Elwak, Jubbaland – A severe drought is tightening its grip on Elwak in Somalia’s Jubbaland State, leaving more than 12,000 people in urgent need of lifesaving assistance. Local officials are sounding the alarm, warning that without swift intervention, a preventable humanitarian catastrophe could unfold.
Jubbaland’s Deputy Minister for Humanitarian Affairs and Disaster Management, Mohamed Osman Jama, said the situation is deteriorating by the day as families struggle to survive on dwindling food and water supplies. Wells are drying up, livestock — the backbone of rural livelihoods — are collapsing, and displacement is rising as communities move in search of relief.
The crisis is not an isolated shock but part of a broader climate-driven pattern. Residents who had barely recovered from previous drought cycles are once again facing the grim reality of parched land and empty reserves. Aid agencies operating in the region report that needs are escalating faster than resources can be mobilized.
The deputy minister urged humanitarian partners to provide urgent support across multiple sectors — including food, water, shelter, education, and healthcare — and pledged his ministry’s full cooperation to ensure assistance reaches the most vulnerable. However, aid organizations warn that response efforts are already stretched thin as Somalia confronts concurrent challenges across several regions.
Children are among the hardest hit. Schools are seeing reduced attendance as students join long treks in search of water, while health workers report rising cases of malnutrition and respiratory illness linked to dry, dusty conditions.

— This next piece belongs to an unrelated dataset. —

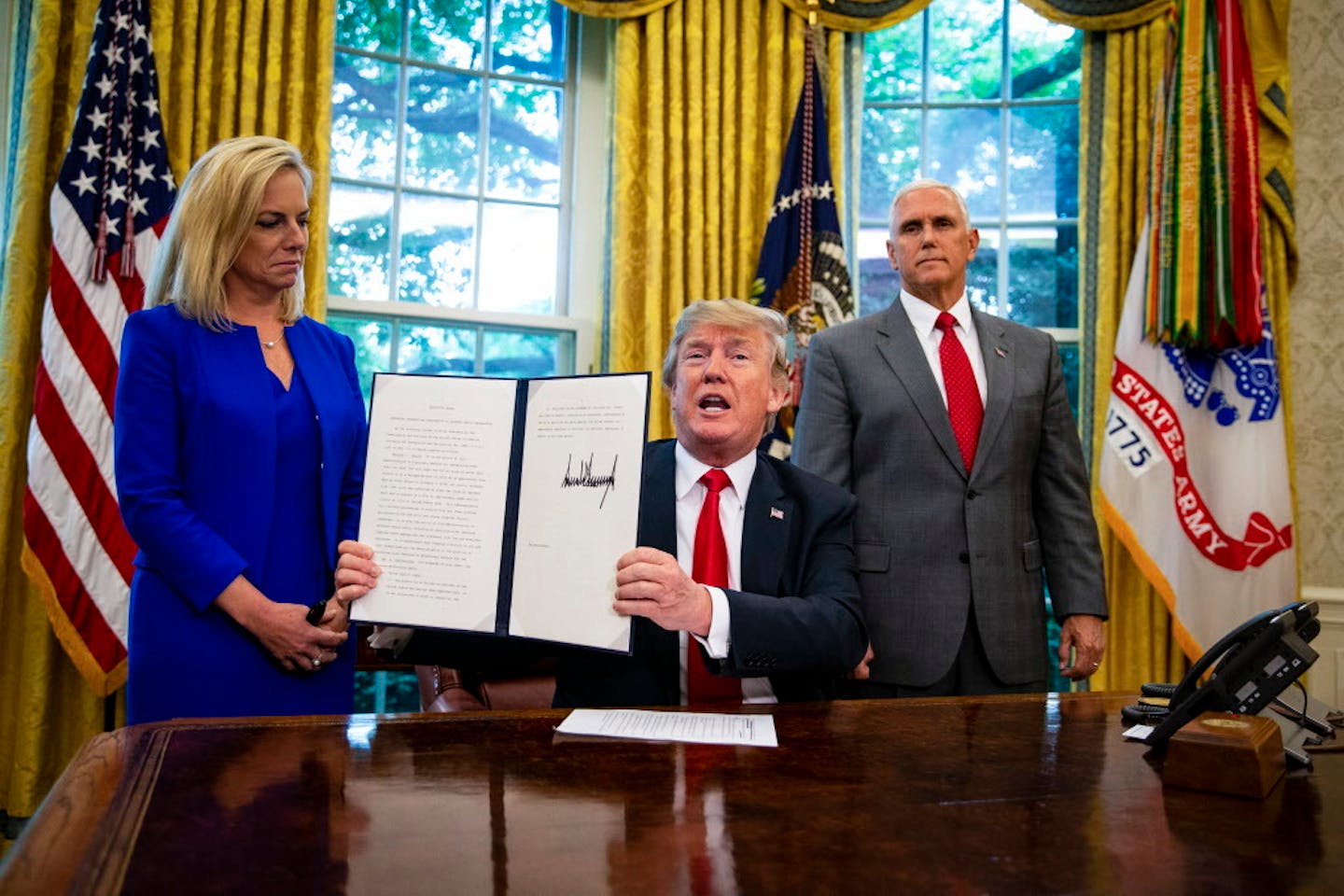 President Donald Trump, with Homeland Security Secretary Kristjen Nielsen and Vice President Mike Pence, signs an executive order Wednesday on immigrant family separations. The order ends the separation of families at the border by indefinitely detaining parents and children together, according to a person familiar with the White House plans.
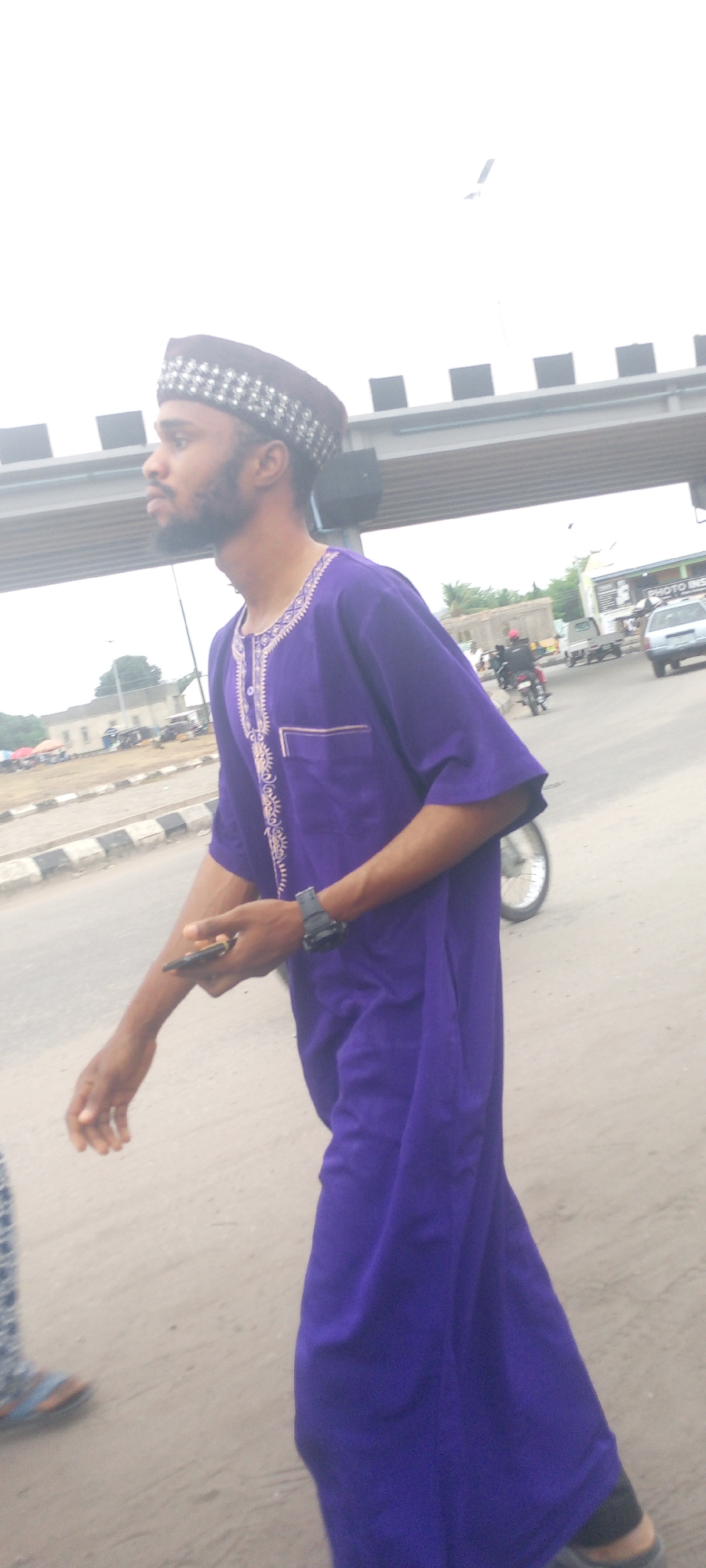 A man with a beard wearing a purple robe and a hat is walking on a street in Adankolo, Nigeria. He is holding a phone and wearing a watch. There is a road, bridge, and buildings in the background. There are other people and vehicles present.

Elwak’s worsening drought mirrors the wider climate crisis unfolding across the Horn of Africa, where temperature rises and shifting rainfall patterns are turning once-predictable seasons into recurring disasters. Without long-term investment in water infrastructure, sustainable agriculture, and climate adaptation, communities like Elwak will continue to teeter on the edge of survival.
For now, hope rests on the speed and scale of the humanitarian response — before Elwak’s warnings turn into tragedy.